Tuesday, December 3, 2013

What's Better In The News

  What's better with Lenin is that his mausoleum in Red Square is being over-shadowed by a huge Louis Vitton trunk. The giant trunk houses an exhibit of the company's luggage. Luggage that you can buy and is not forced on you by the State represents a liberty of the individual. As Lenin famously said, "Everything belongs to the State." No longer, Butcher. Communists are unhappy, saying that the trunk desecrates Lenin. Not true. Lenin is a desecration to humanity.
  What's better with the Senakuku Islands is that Obama did send two unarmed B-52s over the islands without filing a flight plan with Communist China as demanded. But Obama has asked domestic carriers to file flight plans. Didn't we learn at Munich that appeasement does not work but only reinforces the bully? Did we not predict such a thing would happen after the insane appeasement with the temporary nuclear agreement with Iran? The lamb calls the wolf. All over the world.

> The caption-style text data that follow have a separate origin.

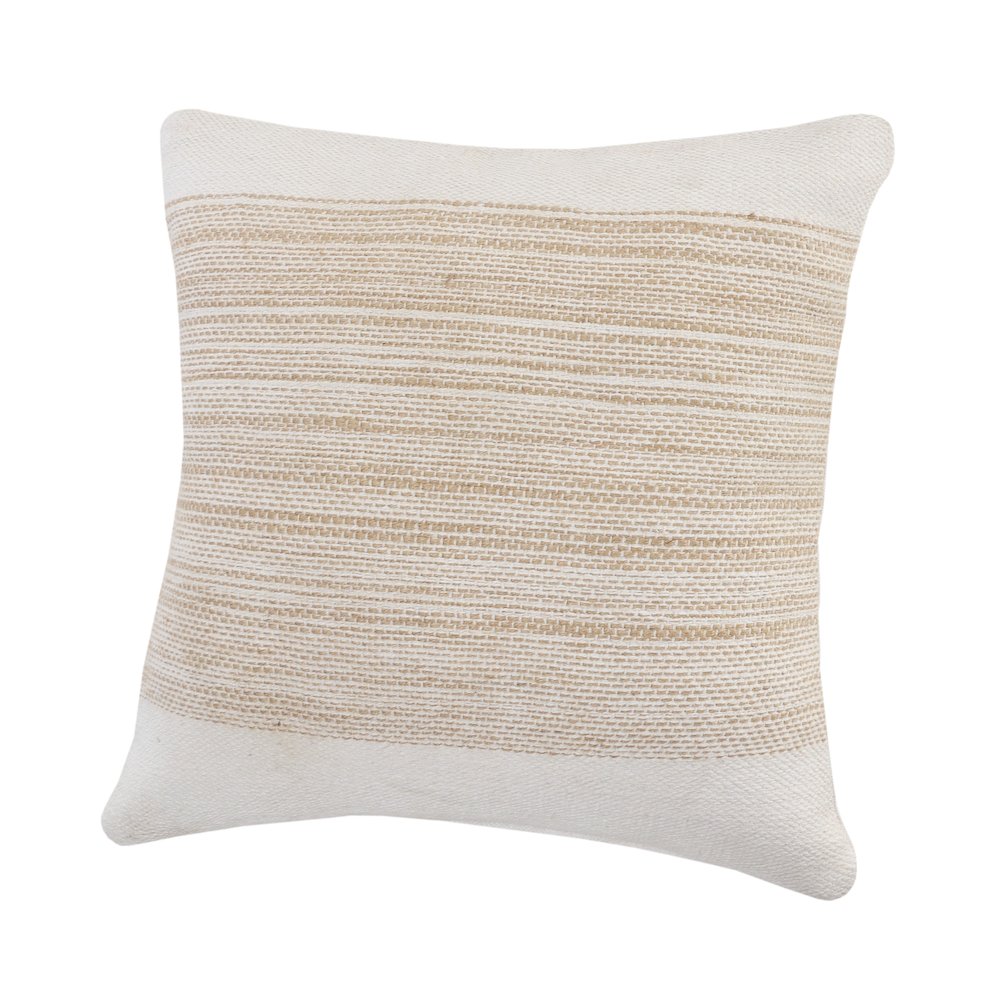 Reed Cotton and Jute Pillow Set of 2 in Tan/White, 20" x 20". Picture 9
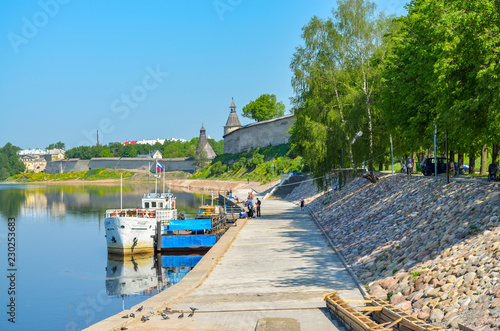 Russia. Pskov. Embankment of the Great river at the walls of the Pskov Kremlin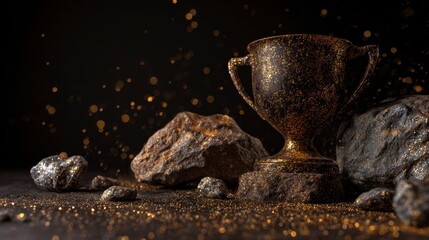 A golden trophy sits atop rocks with sparkling dust in a dark scene. The trophy signifies accomplishment and success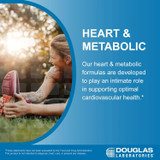 Woman stretching outdoors, Douglas Laboratories heart and metabolic graphic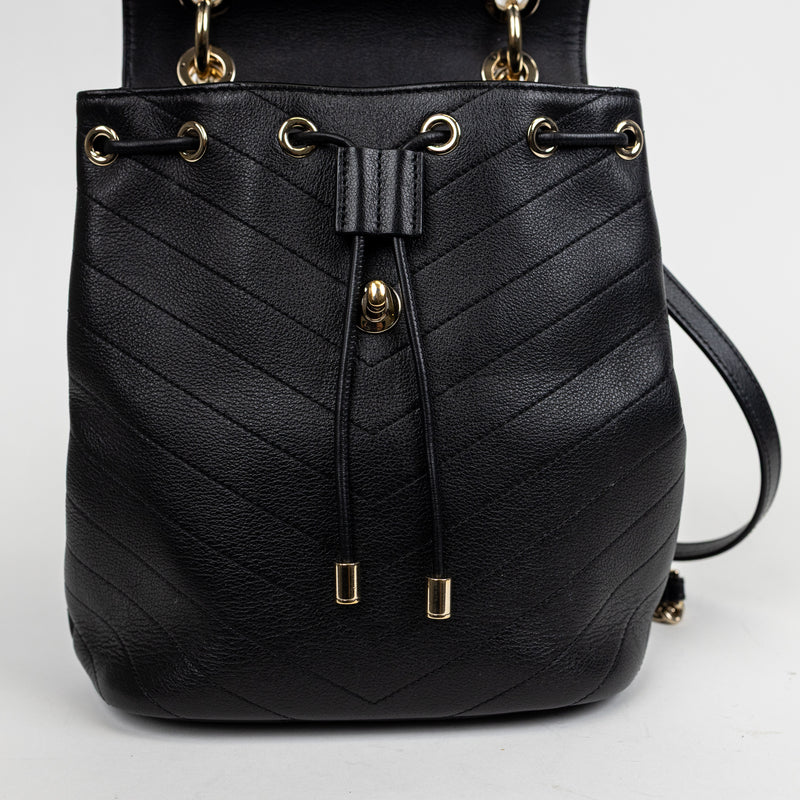 Chanel Black Chevron Top Stitch Backpack GHW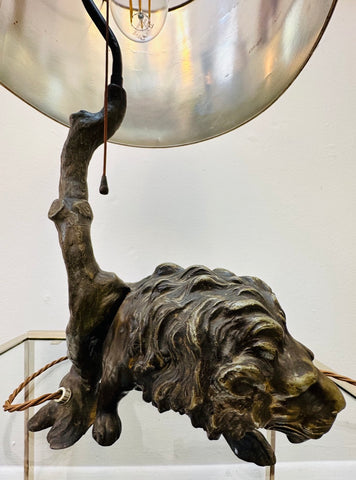 Antique Spelter Prowling Lion Tree Table Lamp Inc Shade, 1900s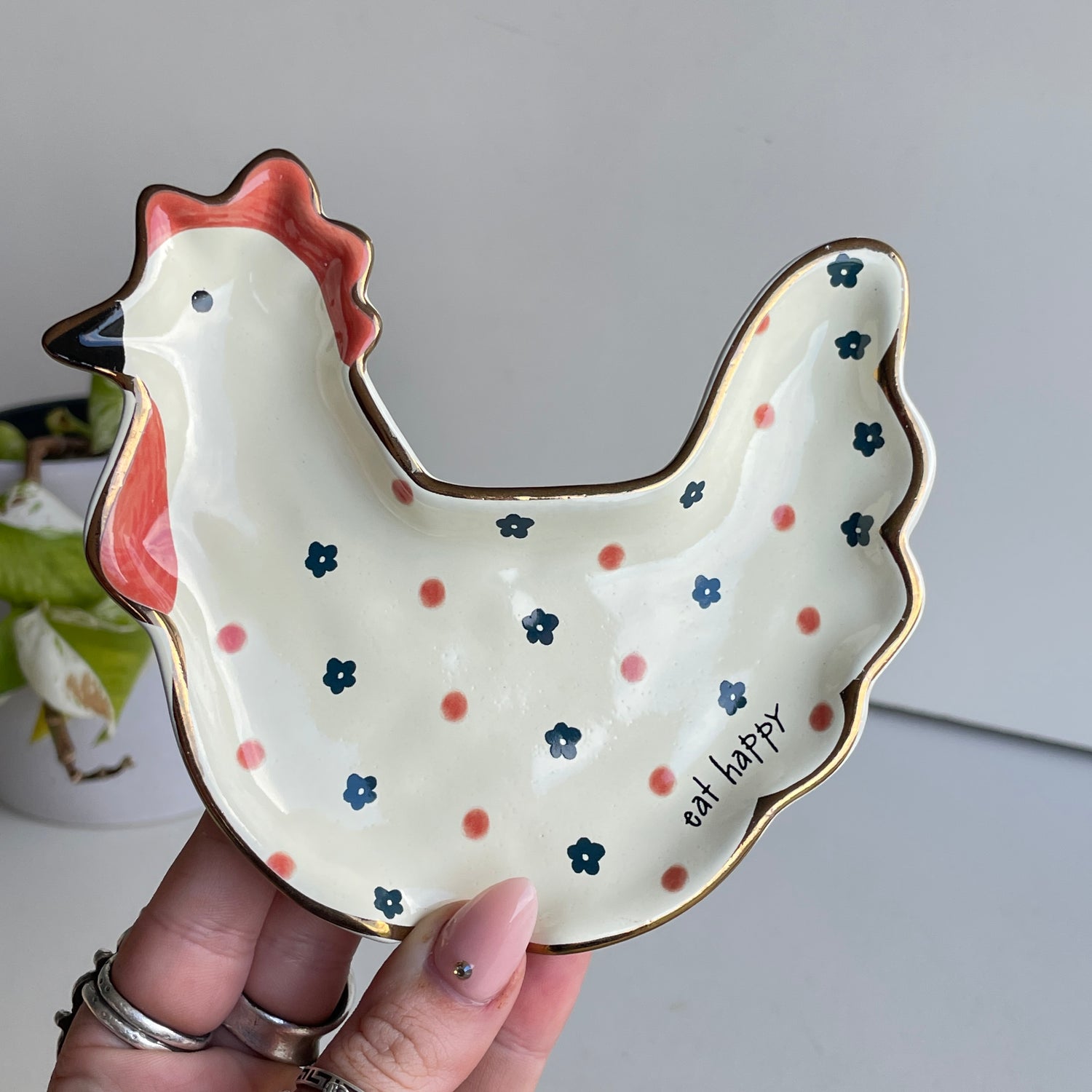 Chicken Eat Happy Dish KTT000269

  What's better with working conditions in Bangladesh is that two private safety pacts have been put together "pledging" to invest in factory inspections and upgrades. Steep upgrades, we hope. Walmart is a signatory.
There are also three other groups- Walmart is included here too - that are trying to hone out a single, comprehensive inspection plan. Critics, with justification, see this as more fog saying that the safety risks in the factories are glaringly apparent to any intelligent, honest inspector. They state that what is needed is the government to give such inspectors the power to demand the factory owners make changes or face shutdowns. It remains to be seen what kind of safety plan, if any, the government will pass and enforce. One also wonders about the judicial system in Bangladesh. Can't parties on behalf of injured or killed factory workers sue the factory owners?Overall, this could be a very difficult situation in that you don't want factory workers injured or killed, and at the same time you don't want factory owners deciding that safety features are too expensive and choosing to move to a less demanding country. This leaves your workers jobless and maybe homeless and hungry.
These commentaries are based upon articles in the Wall Street Journal, America's most trustworthy national newspaper. Peter Nickerson - "I didn't go to Vietnam, so this is my way of serving my country."